The dough will be very soft and supple. Scrape the dough into a ball in the bottom of the mixer bowl, spray with pan spray and cover. Let rise in a warm spot until double, about 1 hour to 1 hour and 15 minutes. (To make a warm place for my dough to rise, bring a mug of water to a boil in the microwave. Then move the mug to one side and place the covered bowl of dough in the other side. Close the door quickly to let the dough proof.)
While the dough is proofing, cut some squares of parchment about 4” x 4”. You’ll need 16 or so. Spray each square with a bit of pan spray. Lay them out on two cookie sheets or half sheet pans. Liberally flour a work surface with all-purpose flour and, when the dough has doubled, scrape it out onto the floured surface.
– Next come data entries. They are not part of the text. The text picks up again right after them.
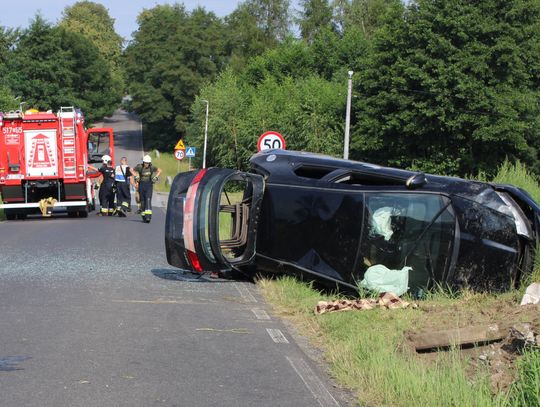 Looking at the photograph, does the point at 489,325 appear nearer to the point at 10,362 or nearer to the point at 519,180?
the point at 10,362

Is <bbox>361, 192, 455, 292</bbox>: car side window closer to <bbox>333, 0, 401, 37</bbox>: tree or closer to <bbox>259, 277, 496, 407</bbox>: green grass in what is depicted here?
<bbox>259, 277, 496, 407</bbox>: green grass

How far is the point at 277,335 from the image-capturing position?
25.5 feet

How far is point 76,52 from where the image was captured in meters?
92.7

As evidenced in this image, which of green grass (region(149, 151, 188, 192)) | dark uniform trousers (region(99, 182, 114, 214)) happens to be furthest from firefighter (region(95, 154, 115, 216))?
green grass (region(149, 151, 188, 192))

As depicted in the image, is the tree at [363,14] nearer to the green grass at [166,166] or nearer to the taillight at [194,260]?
the green grass at [166,166]

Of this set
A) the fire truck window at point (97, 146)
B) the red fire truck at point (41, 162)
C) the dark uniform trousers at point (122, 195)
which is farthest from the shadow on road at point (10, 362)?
the fire truck window at point (97, 146)

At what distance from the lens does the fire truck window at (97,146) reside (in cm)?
2548

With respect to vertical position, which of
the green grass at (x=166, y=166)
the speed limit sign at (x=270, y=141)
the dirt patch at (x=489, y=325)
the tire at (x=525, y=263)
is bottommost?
the green grass at (x=166, y=166)

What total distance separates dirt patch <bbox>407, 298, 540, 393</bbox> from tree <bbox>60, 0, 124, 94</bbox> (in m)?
119

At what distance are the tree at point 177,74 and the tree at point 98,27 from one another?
29102 millimetres

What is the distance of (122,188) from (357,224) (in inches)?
593

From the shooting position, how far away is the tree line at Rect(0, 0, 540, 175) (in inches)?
1756

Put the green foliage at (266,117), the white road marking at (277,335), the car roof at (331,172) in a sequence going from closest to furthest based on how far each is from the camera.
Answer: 1. the white road marking at (277,335)
2. the car roof at (331,172)
3. the green foliage at (266,117)

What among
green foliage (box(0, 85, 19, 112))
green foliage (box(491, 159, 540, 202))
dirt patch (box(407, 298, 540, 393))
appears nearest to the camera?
dirt patch (box(407, 298, 540, 393)) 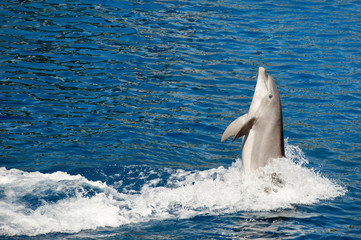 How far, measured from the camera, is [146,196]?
8.27m

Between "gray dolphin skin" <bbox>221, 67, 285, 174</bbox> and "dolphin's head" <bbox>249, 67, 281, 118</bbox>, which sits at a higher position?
"dolphin's head" <bbox>249, 67, 281, 118</bbox>

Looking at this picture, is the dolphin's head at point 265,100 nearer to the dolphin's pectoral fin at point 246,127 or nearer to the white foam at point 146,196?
the dolphin's pectoral fin at point 246,127

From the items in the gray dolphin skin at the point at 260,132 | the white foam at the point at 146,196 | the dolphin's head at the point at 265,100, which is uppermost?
the dolphin's head at the point at 265,100

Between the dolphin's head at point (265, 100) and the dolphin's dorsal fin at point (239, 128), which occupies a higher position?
the dolphin's head at point (265, 100)

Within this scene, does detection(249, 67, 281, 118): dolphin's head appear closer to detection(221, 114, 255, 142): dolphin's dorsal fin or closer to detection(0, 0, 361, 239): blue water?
detection(221, 114, 255, 142): dolphin's dorsal fin

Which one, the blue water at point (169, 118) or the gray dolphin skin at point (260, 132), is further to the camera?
the gray dolphin skin at point (260, 132)

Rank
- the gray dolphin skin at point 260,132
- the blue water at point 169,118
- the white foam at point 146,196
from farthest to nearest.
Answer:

Flour the top of the dough as well and knead it a few times to incorporate the flour and to press out as many of the large gas bubbles as you can. Shape the dough into a smooth ball, cover and let rest for 10 minutes. Add a bit more flour to your work surface and the top of the dough and roll out into a rough rectangle about 1⁄2” thick. Use a 3” doughnut cutter (or a large and small round cutter) to cut approximately 12 doughnuts from the first roll. Place each doughnut on one of the squares of parchment. Reroll the remainder of the dough, but know these second rolls won’t be quite as light as the first rolls. You should be able to cut another 4 doughnuts from the re-rolled dough. Discard the rest or fry the scraps as-is. Cover the doughnuts with plastic wrap or a couple of lint-free towels. Let them rest for 20 minutes.
After 20 minutes, heat the oil to 360F. This will take about 10 minutes or so. Once the oil is at temperature, start frying. Pick up one of the parchment squares and, holding it low over the oil, carefully tip the doughnut into the oil, letting it slide off the parchment. Be careful! Fry 2-3 doughnuts at a time, flipping them once the first side is deep golden brown and the oil is barely bubbling. Doughnuts cook fast--maybe a minute a side, so don’t walk away. Remove each fully cooked doughnut to a rack to cool. Cook all the “first rolls” first, because the second rolls will need a bit extra time to rise. Allow to cool completely.
Dip each doughnut into the glaze (method follows) and then flip so the glaze completely cover the doughnut. Stick a wooden skewer or chopstick into the hole in the doughnut and hold up over the bowl of glaze to drain well. You want all but the thinnest layer of glaze to remain. Allow doughnuts to sit at room temperature until the glaze has set. Carefully turn the doughnuts over to allow any drips on the bottoms of the doughnuts to set up as well.
These are best served as soon as the glaze has set up. Serve them at room temperature or barely heat them in the microwave. Wrap any leftovers and leave at room temperature. Heat to serve the next day. These things are seriously delicious and ridiculously addictive. I don’t think you’ll have any left after the first day, let alone the second!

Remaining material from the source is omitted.